I'll offer three recommendations to combat the fraud that's hurting everyday Canadians, but first I'll start with a story.
A grandfather gets a phone call. He hears his grandson's voice: He's been in a car accident and needs money right now. The grandfather drives to the bank, gets the funds and hands a money order to a stranger who showed up in person to collect it. Only later, when the family compared notes, did the truth come out. The grandson was fine. The voice was a deepfake. It was a fraud.
That's one story. I have many, as I think most Canadians do.
Canadians reported $704 million in losses to the anti-fraud centre in 2025, which was the worst year on record. The RCMP estimates that only 5% to 10% of fraud ever gets reported, which means the real cost to the Canadian economy runs into the billions.
What do we do? In cybersecurity, we talk about prevention as “left of boom” and response as “right of boom”.
First, on left of boom, prevention comes down to identity.

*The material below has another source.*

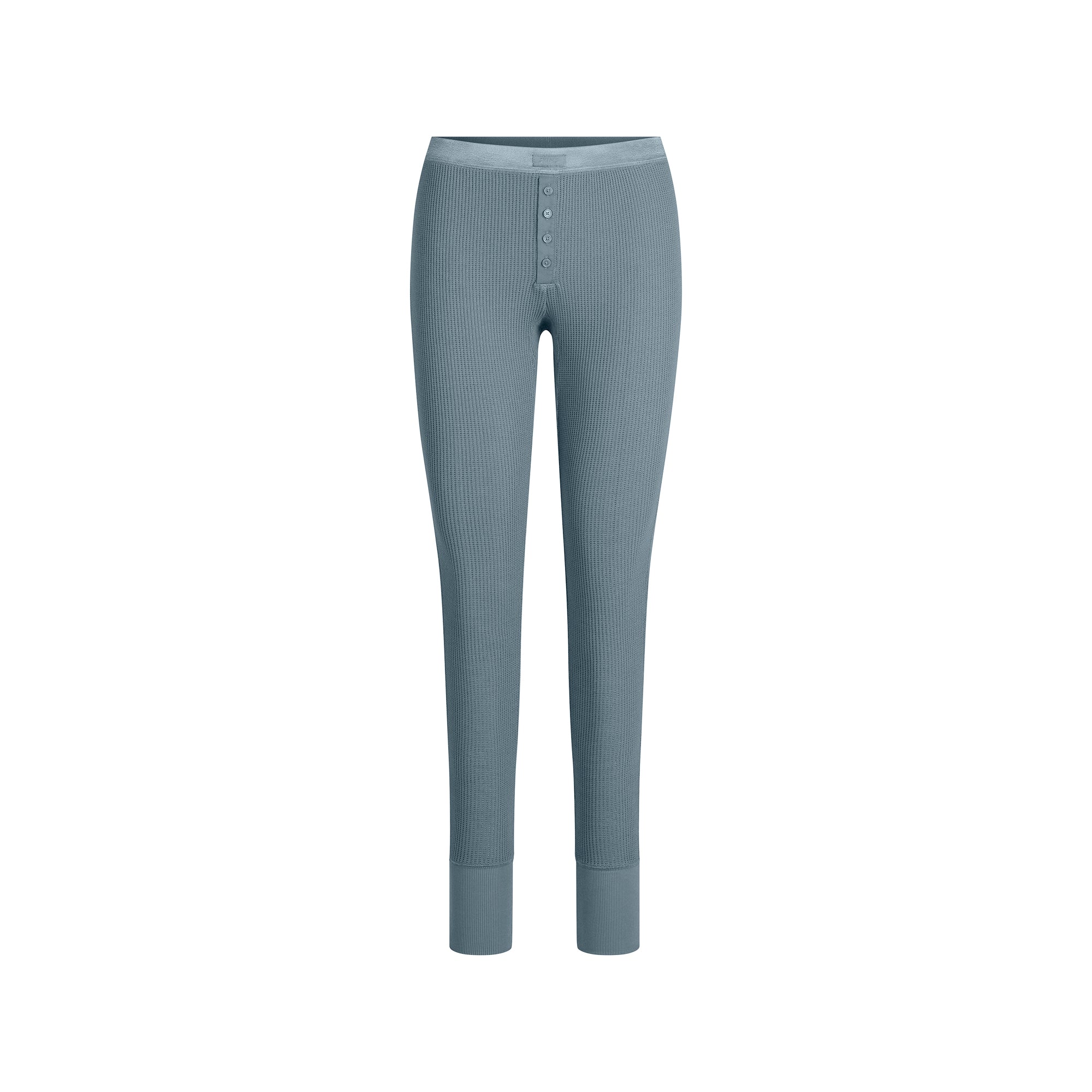 Button Front Legging - Image 5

Fraud works because we still verify people with things that are easy to fake: phone numbers, text messages, passwords and, now, voices. Back in 2019, I wrote in The Globe and Mail that my video game provider had better security than my bank. Seven years later, not much has changed, and deepfakes and voice cloning are letting bad guys automate and scale their attacks.
The fix is stronger identity that everyday Canadians can trust. When your telco, your bank or your government reaches out, it should come over a channel that can't easily be spoofed, like a push notification from a smart phone app. When you sign into a service, it should be with credentials that can't easily be phished, like pass-keys, which no one could read over the phone to a criminal. When it's human to human, the answer is resilience. Criminals can fake a phone number and a familiar voice, so hang up, call back a number you know and ask about shared context like, “What did Aunt Bertha bring to Christmas dinner last year?”
Cheap habits beat expensive technology. That grandfather in the story wasn't careless. He did what all of us were taught to do: trust the voice on the line. That's what has to change, and it's fixable.
Government should go first. Every Canadian knows about the fake CRA calls. If the CRA and agencies like it used channels that can't easily be spoofed, they'd end one of the most common scams in the country and set the standard for everyone else.
Second, on right of boom, response comes down to coordination.
When the victim, the bank, the phone company and the criminal sit in different jurisdictions, the first question is always, who owns the file? Our police officers are some of the most mission-driven people I know, but too often the local police agency that ends up with the file doesn't have the training, tools or mandate to chase this kind of crime, and that police detachment has to weigh a $5,000 scam against an armed robbery down the street. The criminals count on that weakness and exploit it.
We have a start with the national cybercrime coordination centre, but its role is to support. The investigating still falls to individual officers. Canada needs a national response that leads these cases, not just supports them: one that cuts across jurisdictional boundaries and brings banks and telecoms to the table with privacy built in and a mandate to chase these crimes whatever the dollar amount.
Third, Canada cannot tackle these issues on its own. Some of the biggest operations originate outside the country. In the Indo-Pacific, scam compounds run at industrial scale, often staffed by trafficked workers targeting Canadians. We need to invest more in international assistance to help dismantle these networks at the source, before they reach Canadians.
Fraud is an identity problem, a coordination problem and a test of our resilience. Every day, Canadians are being electronically mugged by criminals who've turned this into an industry, one that runs on the seams in our system. Those seams are ours to close.
Thank you. I look forward to your questions.